I have made a terrible mistake.
If I had a dollar for every time that thought has crossed my mind in recent months, I would be able to quit my job and live comfortably for the rest of my life. In fact, I have thought it so many times that I don’t remember the last day I had where I didn’t think it.
I have come to the conclusion that I am either exceedingly unlucky, or someone hates me and has put a curse on me. There is simply no other explanation for my string of bad luck lately. Everything I touch seems to turn to shit. Every decision I make seems to be the wrong one. Every potentially good day I could have turns irrefutably, invariably sour. And I realise as I type, that perhaps this reads like the angsty drama of an overly emotional teenager who thinks the world is out to get her, or a cry for attention. I assure you, it is neither. This goes beyond just having a bad day. Despite my best efforts to stay positive, I find myself more unhappy now than ever.
I feel lost. I don’t know what my next move is, and in any case I’m afraid to make one because I fear the long list of negative repercussions that will inevitably follow. And there is a small voice in the back of my mind that tells me that that is exactly the wrong mindset to have. But the louder voice tells me that it doesn’t matter how positive I try to think, because I have been left disappointed every. Single. Time. So why should the near future be any different from the recent past?

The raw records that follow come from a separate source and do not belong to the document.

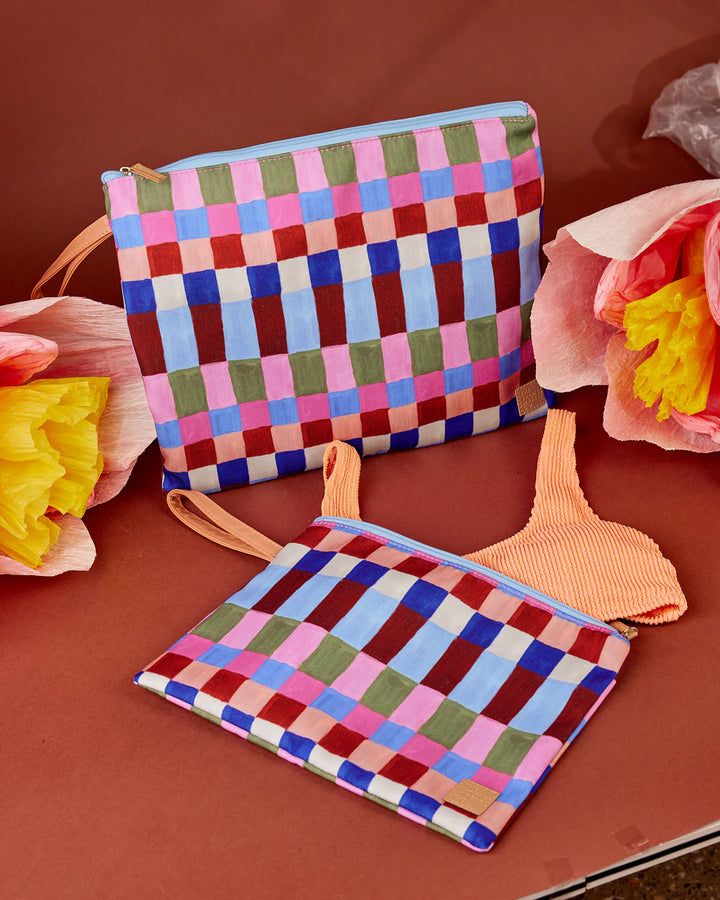 Hopscotch Wet Bag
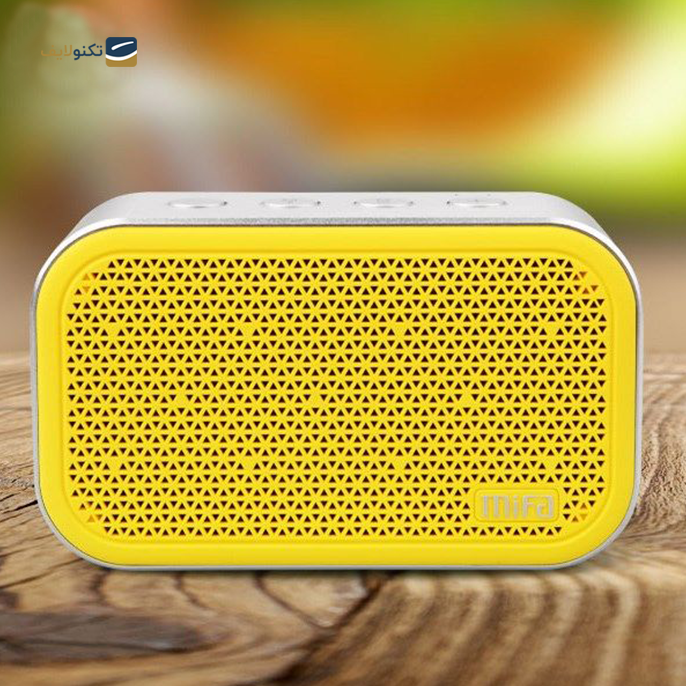 اسپیکر بلوتوثی قابل حمل میفا مدل M1 - Mifa M1 Speaker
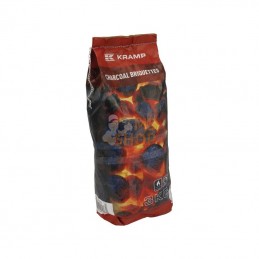 KR374033; KRAMP; Briq. de charbon de bois 3 kg; pièce detachée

I am so sick of this life. I’m sick of feeling stuck wherever I go. I’m sick of waking up every day and wanting to not wake up ever again. I’m sick of working constantly for little to no reward, in a job I don’t even have any passion for anymore. I’m sick of not having any direction, and I am dead sick of always, always being wrong. Just once, I would like to do something and have it not backfire in my face. *sigh*. I’m sorry. There’s nothing like a girl complaining online to kill your buzz. I guess the only thing I can do now (short of something that I promised I would never do) is to go home, make myself a cup of tea, and immerse myself in my writing. It’s new, this project I’ve started, but it hits close to home. And when the rest of my life seems to be falling spectacularly to pieces, I cling to creativity like a lifeline. Hopefully it will get me through this time too.